D’autres détails de l’épave renforcent l’idée qu’elle a été construite pour la vitesse. Les archéologues ont trouvé la marche du mât du navire – la structure en bois qui maintient la base du mât d’un navire – toujours au sommet de la quille, et ils disent qu’il a clairement été construit pour un grand mât, capable de supporter une grande voile. Les rameurs auraient propulsé le navire rapidement dans l’eau à chaque fois que le vent ne coopérait pas.

Une ville engloutie

Les archéologues qui étudient les ruines englouties de Thonis-Héraklion s’appuient sur des pièces de monnaie anciennes et des types distinctifs de poterie pour obtenir des informations sur l’âge des couches qu’ils creusent. La plupart de ces pièces et céramiques datent des années 500 à 300 avant notre ère, mais les archéologues ne trouvent presque jamais rien de plus récent que les années 100 de notre ère. Étrangement, c’est comme si la vie ici s’était arrêtée après le tremblement de terre.

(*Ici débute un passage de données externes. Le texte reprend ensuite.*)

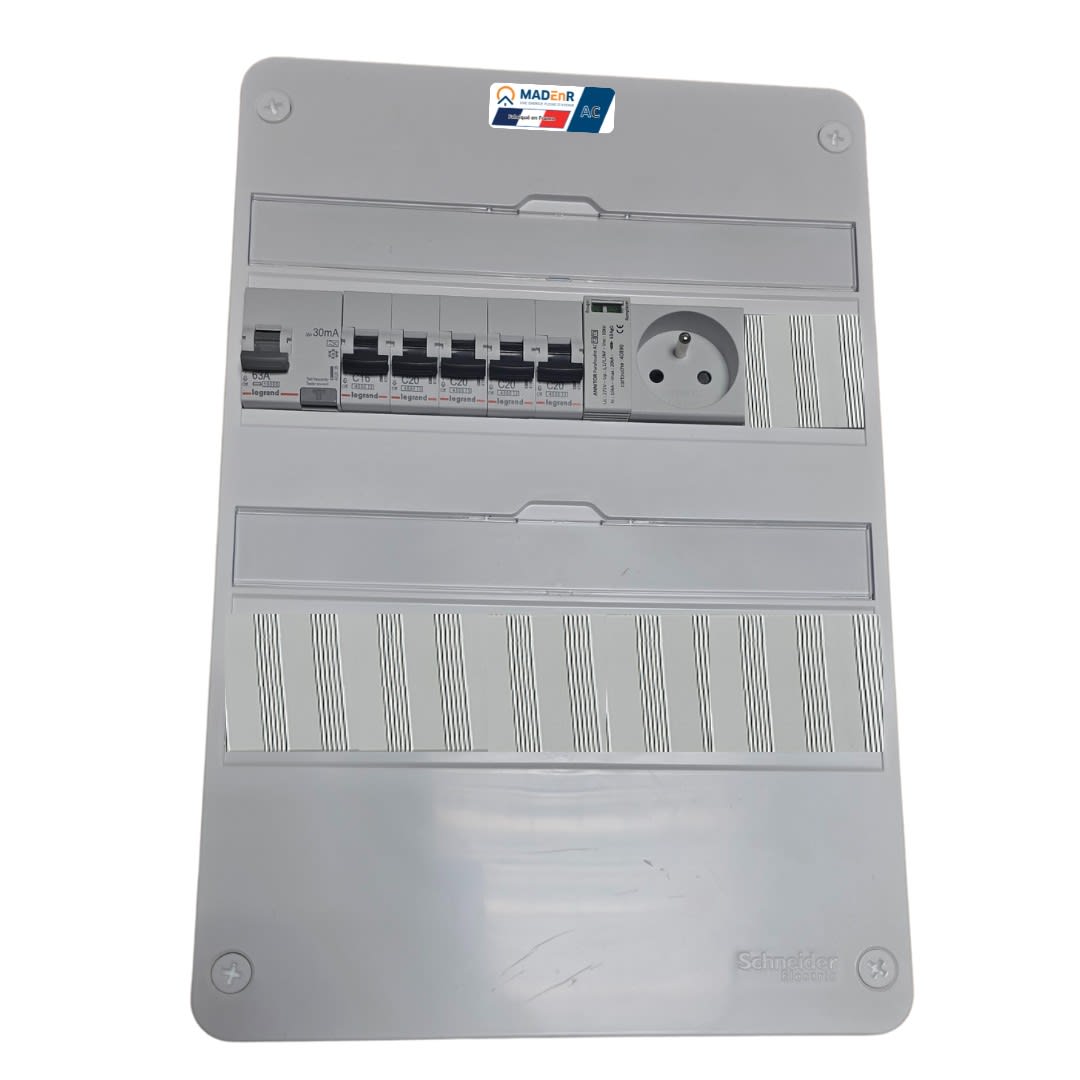 Madenr - Coffret GTL AC Mono micro ond autre Enph 9kW (3xC20) Prise place ECUC LG 30mA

Les documents historiques suggèrent que quelques personnes sont restées au cours des siècles suivants, bien que Thonis-Héraklion n’ait jamais retrouvé quelque chose comme son ancienne vie. Mais au cours des années 700 de notre ère, l’élévation du niveau de la mer et l’affaissement des terres avaient noyé les ruines de la ville antique, la laissant submergée dans l’ombre de la ville qui l’avait remplacée.

Thonis-Héraklion est restée oubliée sous la baie d’Abou Qir jusqu’en 1933, lorsqu’un pilote de la Royal Air Force survolant la baie a baissé les yeux et a vu des ruines et des débris sous l’eau. En 1999, Goddio et son équipe ont déplacé ces ruines et ont commencé à les inspecter et à les fouiller. Jusqu’à présent, les archéologues ont exploré moins de cinq pour cent de la ville antique.